Russell (1987, pp. 63–67) then speaks of ‘house revolutionaries’ who, like Jesus, is hell-bent on exorcising temple and public spaces from greed and exclusion. Theirs was not to cancel the ‘house of authority’ but to build a new household in which the love and freedom of God will reign whilst subverting or trying to transform the household of authority. The household of freedom is also eschatological as it imagines the city how it should be.
The journey between the household of bondage and the household of freedom seems to remain a journey. On this journey, concrete signs of dismantling the household of bondage and ushering in signs of God’s new household are required. This should be explored not only in abstract spiritual terms but in the realities of urban housing and livelihoods all across Africa. The dictates of the polis should not be allowed to impact detrimentally on the oikos or to prevent large numbers of African urban dwellers from ever occupying dwellings that are safe, secure, healthy, and affordable. Urban households of freedom in African cities will include access to safe, secure, and affordable housing that is healthy and well-located. This will allow even resource-poor communities to participate in flourishing urban life.

1.3. Land and Housing as Central Categories in Constructing African Urban Theologies

The obstacle to embracing housing as a Christian social practice is often a theological one. Not only is there a dearth of theologies that engage constructively-creatively with African cities (De Beer 2023), but very few theologians on the continent have helped us to outline constructive theologies of land and housing beyond systematic theological or philosophical rhetoric that articulates the challenges of land. Even fewer theologians have busied themselves actively, in African cities, with urban land.
Embracing housing as a Christian social practice should stem from well-articulated, critical, and constructive African urban theologies that center on the urban majority living in urban slums, informal settlements, and other forms of precarious housing. This should then go beyond an analysis of their precarious conditions to carve out—in collaboration with a range of disciplines, activists, practitioners, and urban dwellers—recommendations, practices, and processes that will see the church as an active partner in building safe and sustainable urban settlements on the African continent: indeed, practicing theology from ‘huts with empty granaries’ and ‘shacks with empty shelves’, whilst becoming ‘house revolutionaries’ modeling new households of urban freedom.

2. Embracing Housing as Christian Social Practice: A Pastoral and Missional Concern

First, what is asserted here is the importance of embracing housing as a Christian social practice—a form of diaconate that encompasses many other dimensions of the church’s service; and a socio-political response that addresses human and communal well-being rather comprehensively.

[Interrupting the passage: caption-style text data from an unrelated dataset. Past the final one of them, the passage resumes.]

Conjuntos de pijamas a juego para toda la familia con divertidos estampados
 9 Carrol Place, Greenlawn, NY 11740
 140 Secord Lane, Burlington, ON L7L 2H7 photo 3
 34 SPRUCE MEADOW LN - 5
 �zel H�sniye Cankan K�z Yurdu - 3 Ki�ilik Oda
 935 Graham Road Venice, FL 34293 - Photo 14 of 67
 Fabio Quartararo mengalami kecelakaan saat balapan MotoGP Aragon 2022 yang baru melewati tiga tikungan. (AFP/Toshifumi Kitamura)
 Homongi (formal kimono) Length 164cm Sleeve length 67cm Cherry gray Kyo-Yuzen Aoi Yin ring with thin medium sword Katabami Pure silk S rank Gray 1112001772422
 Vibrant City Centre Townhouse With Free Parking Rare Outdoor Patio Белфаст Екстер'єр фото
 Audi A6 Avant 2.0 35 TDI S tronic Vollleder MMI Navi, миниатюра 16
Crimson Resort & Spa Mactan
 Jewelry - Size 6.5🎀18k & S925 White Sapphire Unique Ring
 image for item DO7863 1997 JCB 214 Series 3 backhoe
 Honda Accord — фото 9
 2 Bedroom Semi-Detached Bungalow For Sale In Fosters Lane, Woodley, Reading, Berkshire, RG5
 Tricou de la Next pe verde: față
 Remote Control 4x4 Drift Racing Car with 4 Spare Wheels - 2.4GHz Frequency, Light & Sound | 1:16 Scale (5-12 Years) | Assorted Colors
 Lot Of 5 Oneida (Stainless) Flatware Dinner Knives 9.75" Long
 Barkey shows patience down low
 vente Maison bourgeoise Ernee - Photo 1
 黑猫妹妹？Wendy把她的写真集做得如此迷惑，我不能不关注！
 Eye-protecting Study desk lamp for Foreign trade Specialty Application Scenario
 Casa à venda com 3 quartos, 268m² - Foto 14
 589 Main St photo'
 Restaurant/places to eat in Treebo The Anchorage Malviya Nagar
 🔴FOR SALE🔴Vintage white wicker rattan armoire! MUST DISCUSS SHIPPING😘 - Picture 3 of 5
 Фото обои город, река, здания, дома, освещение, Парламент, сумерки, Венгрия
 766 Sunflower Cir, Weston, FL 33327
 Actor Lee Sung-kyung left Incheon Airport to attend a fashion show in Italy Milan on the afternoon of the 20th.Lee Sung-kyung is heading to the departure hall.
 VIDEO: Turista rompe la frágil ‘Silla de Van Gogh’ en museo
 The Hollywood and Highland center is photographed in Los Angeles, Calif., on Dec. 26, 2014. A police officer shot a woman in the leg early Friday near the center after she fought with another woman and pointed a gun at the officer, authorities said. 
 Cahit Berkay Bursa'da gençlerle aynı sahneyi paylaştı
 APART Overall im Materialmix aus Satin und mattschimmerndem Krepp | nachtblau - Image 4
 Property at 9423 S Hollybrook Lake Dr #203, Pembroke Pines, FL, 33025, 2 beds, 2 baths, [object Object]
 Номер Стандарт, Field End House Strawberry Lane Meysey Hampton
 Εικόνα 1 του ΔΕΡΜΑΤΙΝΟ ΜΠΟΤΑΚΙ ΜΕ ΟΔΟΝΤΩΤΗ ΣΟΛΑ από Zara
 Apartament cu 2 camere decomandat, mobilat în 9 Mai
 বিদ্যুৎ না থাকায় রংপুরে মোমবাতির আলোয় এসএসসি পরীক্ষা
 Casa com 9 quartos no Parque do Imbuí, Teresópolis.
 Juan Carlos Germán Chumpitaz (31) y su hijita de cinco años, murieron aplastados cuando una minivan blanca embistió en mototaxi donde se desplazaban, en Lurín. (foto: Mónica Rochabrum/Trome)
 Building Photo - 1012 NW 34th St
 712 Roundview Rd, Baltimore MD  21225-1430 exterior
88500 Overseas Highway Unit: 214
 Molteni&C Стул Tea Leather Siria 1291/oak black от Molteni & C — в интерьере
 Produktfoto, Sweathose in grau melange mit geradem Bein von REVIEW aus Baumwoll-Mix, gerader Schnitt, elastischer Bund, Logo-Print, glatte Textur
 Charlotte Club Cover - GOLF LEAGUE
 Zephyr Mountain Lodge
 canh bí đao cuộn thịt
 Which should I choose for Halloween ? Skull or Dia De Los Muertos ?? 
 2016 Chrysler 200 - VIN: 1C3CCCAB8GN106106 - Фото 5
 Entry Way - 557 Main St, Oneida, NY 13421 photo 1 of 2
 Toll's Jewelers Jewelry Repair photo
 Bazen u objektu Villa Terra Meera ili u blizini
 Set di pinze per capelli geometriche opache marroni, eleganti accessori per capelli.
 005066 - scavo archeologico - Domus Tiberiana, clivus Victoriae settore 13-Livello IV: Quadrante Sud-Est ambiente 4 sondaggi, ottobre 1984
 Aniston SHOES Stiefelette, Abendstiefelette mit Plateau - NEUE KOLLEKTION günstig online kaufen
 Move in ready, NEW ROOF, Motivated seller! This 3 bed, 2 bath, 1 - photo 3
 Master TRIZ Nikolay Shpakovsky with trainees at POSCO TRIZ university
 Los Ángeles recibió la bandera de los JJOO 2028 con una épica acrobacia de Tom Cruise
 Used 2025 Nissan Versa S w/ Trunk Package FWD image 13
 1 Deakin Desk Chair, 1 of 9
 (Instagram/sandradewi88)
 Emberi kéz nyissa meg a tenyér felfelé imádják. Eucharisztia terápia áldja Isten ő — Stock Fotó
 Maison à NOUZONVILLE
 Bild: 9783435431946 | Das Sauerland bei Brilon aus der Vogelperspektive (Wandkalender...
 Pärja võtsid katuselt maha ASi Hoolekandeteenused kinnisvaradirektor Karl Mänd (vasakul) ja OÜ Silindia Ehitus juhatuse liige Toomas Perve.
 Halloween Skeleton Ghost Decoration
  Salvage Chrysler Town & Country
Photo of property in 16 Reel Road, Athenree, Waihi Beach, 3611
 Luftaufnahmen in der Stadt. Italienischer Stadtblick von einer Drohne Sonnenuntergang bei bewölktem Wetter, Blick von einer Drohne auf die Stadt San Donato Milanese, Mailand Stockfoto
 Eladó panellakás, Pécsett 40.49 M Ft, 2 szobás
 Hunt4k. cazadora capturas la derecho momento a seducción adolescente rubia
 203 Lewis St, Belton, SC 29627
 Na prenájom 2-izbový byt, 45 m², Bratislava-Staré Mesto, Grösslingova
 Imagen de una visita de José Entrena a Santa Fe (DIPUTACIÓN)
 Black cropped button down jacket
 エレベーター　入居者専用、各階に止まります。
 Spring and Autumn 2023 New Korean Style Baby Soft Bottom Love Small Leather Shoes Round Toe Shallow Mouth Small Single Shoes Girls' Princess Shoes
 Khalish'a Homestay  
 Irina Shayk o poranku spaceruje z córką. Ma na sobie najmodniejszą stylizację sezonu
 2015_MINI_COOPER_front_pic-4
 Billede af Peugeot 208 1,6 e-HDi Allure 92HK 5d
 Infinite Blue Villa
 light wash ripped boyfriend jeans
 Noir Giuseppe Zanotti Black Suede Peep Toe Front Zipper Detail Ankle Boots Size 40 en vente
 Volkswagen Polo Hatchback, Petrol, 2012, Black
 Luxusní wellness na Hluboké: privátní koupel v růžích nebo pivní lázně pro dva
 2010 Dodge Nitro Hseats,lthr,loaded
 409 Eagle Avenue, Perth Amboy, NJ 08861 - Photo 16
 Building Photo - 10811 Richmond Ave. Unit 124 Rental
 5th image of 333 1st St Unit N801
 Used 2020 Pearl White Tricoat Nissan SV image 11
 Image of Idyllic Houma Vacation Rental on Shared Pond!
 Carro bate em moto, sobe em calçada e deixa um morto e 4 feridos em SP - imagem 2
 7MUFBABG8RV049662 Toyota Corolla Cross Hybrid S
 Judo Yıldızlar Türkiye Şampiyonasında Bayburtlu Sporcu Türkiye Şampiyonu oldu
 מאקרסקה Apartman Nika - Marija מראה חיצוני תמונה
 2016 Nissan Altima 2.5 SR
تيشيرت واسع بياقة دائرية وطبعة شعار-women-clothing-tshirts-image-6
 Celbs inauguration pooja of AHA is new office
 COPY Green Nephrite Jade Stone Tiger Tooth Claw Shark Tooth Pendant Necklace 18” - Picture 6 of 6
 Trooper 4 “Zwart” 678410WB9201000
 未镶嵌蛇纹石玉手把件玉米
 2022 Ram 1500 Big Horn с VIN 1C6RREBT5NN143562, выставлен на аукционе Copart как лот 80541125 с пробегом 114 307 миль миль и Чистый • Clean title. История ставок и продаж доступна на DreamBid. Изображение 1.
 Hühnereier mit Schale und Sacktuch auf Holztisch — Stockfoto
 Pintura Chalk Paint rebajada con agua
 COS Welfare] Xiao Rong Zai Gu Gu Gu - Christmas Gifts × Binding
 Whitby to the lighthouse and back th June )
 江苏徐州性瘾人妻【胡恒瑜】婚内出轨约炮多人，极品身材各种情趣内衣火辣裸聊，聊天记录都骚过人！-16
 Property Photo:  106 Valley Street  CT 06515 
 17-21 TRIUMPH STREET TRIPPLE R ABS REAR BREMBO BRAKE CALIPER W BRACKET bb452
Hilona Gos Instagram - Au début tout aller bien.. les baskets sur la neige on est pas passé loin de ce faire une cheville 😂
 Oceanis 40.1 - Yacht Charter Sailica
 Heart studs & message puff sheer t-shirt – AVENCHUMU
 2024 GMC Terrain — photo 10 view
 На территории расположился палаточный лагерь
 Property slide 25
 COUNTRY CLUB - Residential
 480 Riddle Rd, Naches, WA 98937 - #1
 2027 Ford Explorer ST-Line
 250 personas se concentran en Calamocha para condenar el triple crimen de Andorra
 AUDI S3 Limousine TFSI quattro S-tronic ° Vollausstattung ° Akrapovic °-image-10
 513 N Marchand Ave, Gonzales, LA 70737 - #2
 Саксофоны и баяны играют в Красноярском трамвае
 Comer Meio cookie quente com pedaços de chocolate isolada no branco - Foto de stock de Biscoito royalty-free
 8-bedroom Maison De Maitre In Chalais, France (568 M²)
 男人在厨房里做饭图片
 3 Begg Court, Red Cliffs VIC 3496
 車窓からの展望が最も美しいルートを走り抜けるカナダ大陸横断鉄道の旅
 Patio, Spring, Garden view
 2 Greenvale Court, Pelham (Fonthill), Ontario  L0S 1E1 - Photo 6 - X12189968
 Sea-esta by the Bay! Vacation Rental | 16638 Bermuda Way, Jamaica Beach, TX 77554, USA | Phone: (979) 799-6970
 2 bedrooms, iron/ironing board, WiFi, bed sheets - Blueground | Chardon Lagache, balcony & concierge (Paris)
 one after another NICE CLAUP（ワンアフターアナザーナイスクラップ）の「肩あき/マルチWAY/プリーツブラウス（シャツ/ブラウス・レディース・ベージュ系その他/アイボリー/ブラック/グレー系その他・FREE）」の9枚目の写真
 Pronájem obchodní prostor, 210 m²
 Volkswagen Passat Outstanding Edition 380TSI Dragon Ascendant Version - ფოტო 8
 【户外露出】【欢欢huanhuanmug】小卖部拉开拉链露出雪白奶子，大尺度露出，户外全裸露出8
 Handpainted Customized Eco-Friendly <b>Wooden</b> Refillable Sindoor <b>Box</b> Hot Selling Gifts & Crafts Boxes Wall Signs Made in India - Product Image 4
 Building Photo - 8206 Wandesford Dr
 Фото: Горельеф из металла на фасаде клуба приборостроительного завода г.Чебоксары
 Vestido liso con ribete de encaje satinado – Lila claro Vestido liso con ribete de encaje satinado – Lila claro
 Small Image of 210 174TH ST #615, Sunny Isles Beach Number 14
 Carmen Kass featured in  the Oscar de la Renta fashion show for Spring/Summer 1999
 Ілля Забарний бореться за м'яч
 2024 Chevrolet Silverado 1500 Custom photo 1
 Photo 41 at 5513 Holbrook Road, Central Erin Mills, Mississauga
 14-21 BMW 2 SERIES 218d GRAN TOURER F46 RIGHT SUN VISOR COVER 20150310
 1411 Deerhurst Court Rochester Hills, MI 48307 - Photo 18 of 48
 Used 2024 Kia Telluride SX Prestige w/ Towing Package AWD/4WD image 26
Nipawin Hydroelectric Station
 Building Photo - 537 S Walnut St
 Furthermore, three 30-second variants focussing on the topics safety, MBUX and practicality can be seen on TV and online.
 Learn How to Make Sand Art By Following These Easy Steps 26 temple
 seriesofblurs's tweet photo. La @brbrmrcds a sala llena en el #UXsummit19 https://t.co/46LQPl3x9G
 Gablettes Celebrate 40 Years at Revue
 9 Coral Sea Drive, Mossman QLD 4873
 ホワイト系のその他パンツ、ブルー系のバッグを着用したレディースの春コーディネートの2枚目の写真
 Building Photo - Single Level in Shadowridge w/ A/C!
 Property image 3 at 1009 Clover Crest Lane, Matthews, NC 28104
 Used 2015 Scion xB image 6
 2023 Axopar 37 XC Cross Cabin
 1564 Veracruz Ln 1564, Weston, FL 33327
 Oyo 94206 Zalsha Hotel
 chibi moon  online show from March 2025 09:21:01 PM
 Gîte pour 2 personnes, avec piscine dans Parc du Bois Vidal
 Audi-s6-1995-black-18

Sub-standard housing, insecure tenure, or homelessness all affect people’s psychological, health, and educational well-being.
Housing is not just about creating products, but the processes of creating housing are as important in acknowledging the agency of urban dwellers and in fostering community ownership, partnership, and sustainability.
With reference to informal settlement upgrading, Georgiadou and Loggia (2021, p. 92) write the following:
upgrading is not just housing delivery but also consideration and development of the social fabric, such as access to job opportunities, health facilities, schools and public transport.
The process of housing provision should ideally form part of a more holistic community development approach that includes all the other elements of healthy and sustainable human settlements. Georgiadou and Loggia (2021, p. 92) argue that local governments (eThekwini municipality in her case study) focus on being a ‘housing provider, rather than being an enabler’. A housing provider delivers a housing product, often in isolation from enabling the other conditions for healthy human settlements. In this regard, the church can play an enormous role: to enable holistic conditions for well-being whilst engaging housing as part of such a comprehensive strategy.
Georgiadou and Loggia (2021, p. 89) then refer to the key principles for informal settlement upgrading that were articulated by the Housing Development Agency (2015) in South Africa, which include the following:
  • A city-wide approach inclusive of all informal settlements;
  • Incremental improvements tailored to different neighborhoods;
  • In situ upgrading versus relocation;
  • Partnership-based interventions instead of state-driven alone;
  • Participatory, community-driven, and solution-based with co-management from housing beneficiaries;
  • Programmatic, contextual, and area-based;
  • Statutorily and regulatorily flexible in working with instead of against informality.
City-wide ecumenical movements and local congregations, clusters of congregations, or faith-based organizations are uniquely positioned to support these key principles, not only as guidelines for housing development and informal settlement upgrading in South Africa but on the entire content.
The church could facilitate partnerships and local community-driven participation, supporting existing or new initiatives through legal, technical, or financial resources and calling the government to account to resist displacement and ensure physical, social, and economic integration.
Second, locating housing as a Christian social practice should be achieved both inside the church and in various other publics. The church will do well to interrogate its own land and housing practices and relationship to property as it relates to the urban majority. It will also do well to consider its own resources in terms of land, human resources and experience, and histories in fostering ministries of housing. But since housing should not be seen as a commodity that can be bought by some but as a public good, it is important that the church also engages in public processes where housing futures and the struggles of local urban neighborhoods are contemplated. This could be in relationship with housing organizations, rights-based lawyers, local and provincial governments, urban think tanks, and local communities living precariously or lacking access to decent housing. It has to be acknowledged that contexts in cities across Africa differ vastly from each other, and local discernment of the most appropriate faith-based engagement with housing is, therefore, critical.
In an interview by Onyekachi Wambu (2021), Oumar Sylla, the African Regional Director for UN-Habitat, spoke of the overwhelming housing challenge facing African cities, stating the critical necessity for partnerships:
This is why we believe that partnership working is the way forward. This involves the four Ps—public, private and people partnership—where communities are able to invest in their housing system as well.
African communities and African people remain inherently religious. The role religious organizations in general and churches and faith-based organizations specifically can play in different publics, to affect the housing outcomes of the urban poor, and to advocate for housing justice, should not be underestimated.
Third, housing as Christian social practice could have different faces, depending on the context and on those who are involved. Whatever the face of our housing intervention, it should be deliberately nurtured to assert life and break cycles of death and exclusion.
I outline five possible focal areas, without suggesting it as exhaustive: (i) supporting precarious households; (ii) preventing homelessness; (iii) creating housing; (iv) supporting rights-based land and housing movements; and (v) centering housing pastorally–liturgically.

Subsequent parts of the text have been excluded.